Today is Independence Day, and on that glorious morning July 4, 1776…not much happened. The Declaration had been completed two days earlier and as John Adams wrote to his wife Abigail:
“July 2nd will be the most memorable epoch in the history of America. I am apt to believe that it will be celebrated by succeeding generations as the great anniversary festival. It ought to be commemorated as the day of deliverance, by solemn acts of devotion to God Almighty. It ought to be solemnized with pomp and parade, with shows, games, sports, guns, bells, bonfires, and illuminations, from one end of this continent to the other, from this time forward forever more.”
Okay, so he was two days off. Actually the final vote to declare independence and ratify the document did happen on July 4. After which the assembly sent the declaration out to the printers, adjourned for lunch, and then went home to wait for the British to invade Pennsylvania and very politely hang them.
It was a bold document, but does its boldness translate linguistically or philosophically?
A good article on translating the Declaration into Chinese was published in 1999 by Frank Li of CASS in the Journal of American History. According to Li, the first full formal translation of the Declaration appeared in the Guomin Bao (国民报), a journal produced by Chinese students in Tokyo.

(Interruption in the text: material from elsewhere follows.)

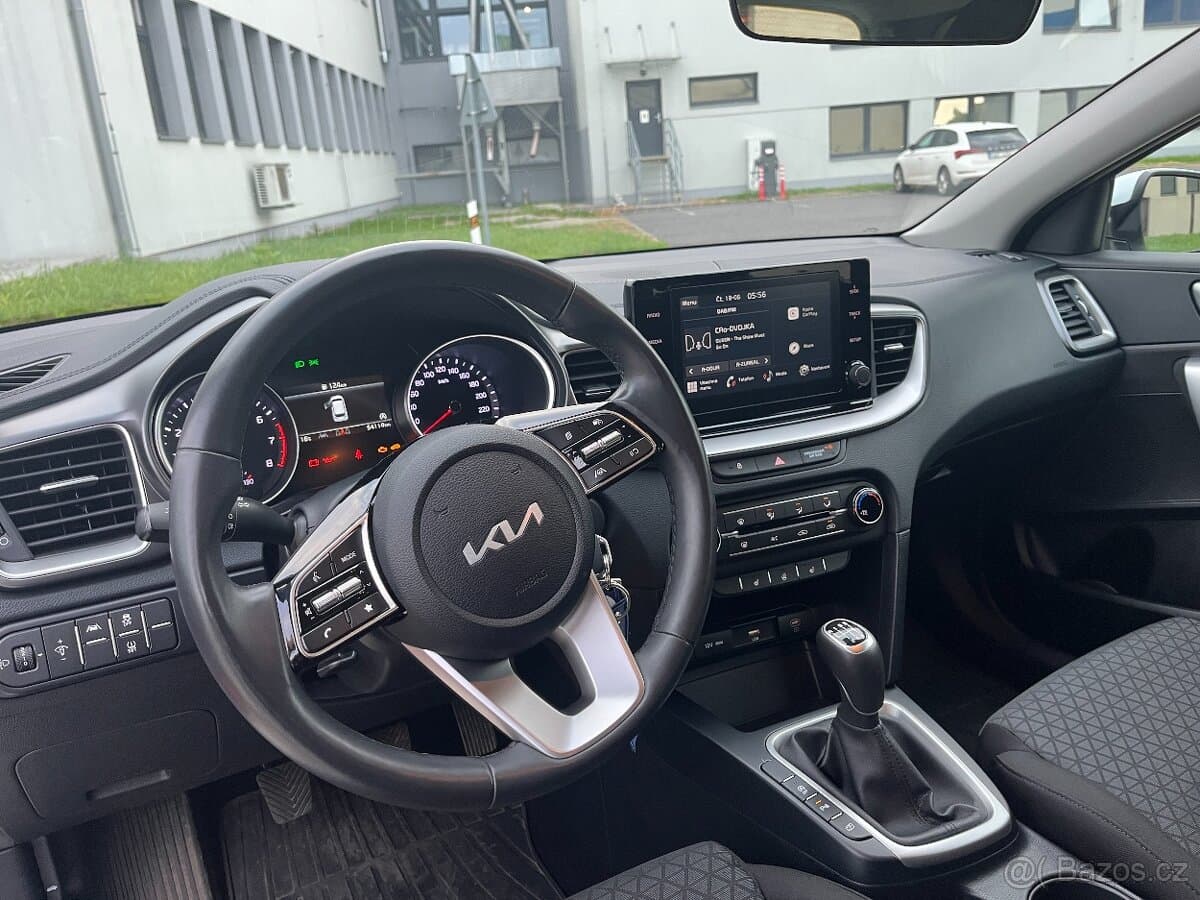 Kia CEE'D - 4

Originally entitled 独立檄文 (duli xiwen) or “Call to Arms for Independence,” the flowery writing and powerful rhetoric were not easily rendered into the precise forms and vocabulary of Classical Chinese. His research cites numerous points where the linguistic and philosophic gaps needed to be bridged, tenuously at times.
(A similar problem gave early Buddhist scholars fits as they tried to render Sanskrit into Chinese a millennium earlier.)
Just to give a few of the many examples cited in the article: The translation of “pursuit of happiness” was rendered as “pursuit of benefit” (利益 liyi). The word 幸福 xingfu, found in the current translation, was an early 20th-century neologism not in widespread use at the time of the first translation. One could argue that despite different concepts of religion and the divine, replacing “endowed by their Creator” with “bestowed by Heaven,” (天赋 tianfu) makes a certain amount of sense. Interestingly, “All men…” is translated as “countrymen/people” (国人 guoren), a point worth mentioning when one considers the debate between particularism and universalism in Chinese historiography of the late 19th and early 20th centuries.
Li also sketches a brief history of the document in China. Following the 1901 publication in the Guomin Bao, the language and ideas of the Declaration influenced a number of people, notably the anti-Manchu revolutionary Zou Rong. Zou referenced the Declaration in his Revolutionary Army published in 1903. Sun Yat-sen appropriated the language and ideas of the Declaration for his 1904 English-language book/fund-raising brochure: An Appeal to the People of the United States. A more modern translation of the Declaration was completed by Hong Kong University Professor Yang Zonghan in the early 1960s, based on Carl Becker’s The Declaration of Independence.
Li argues that part of the problem in translating the Declaration is that Chinese culture lacks the concept of ‘natural rights.’ A point which raises all kinds of thorny issues past and present.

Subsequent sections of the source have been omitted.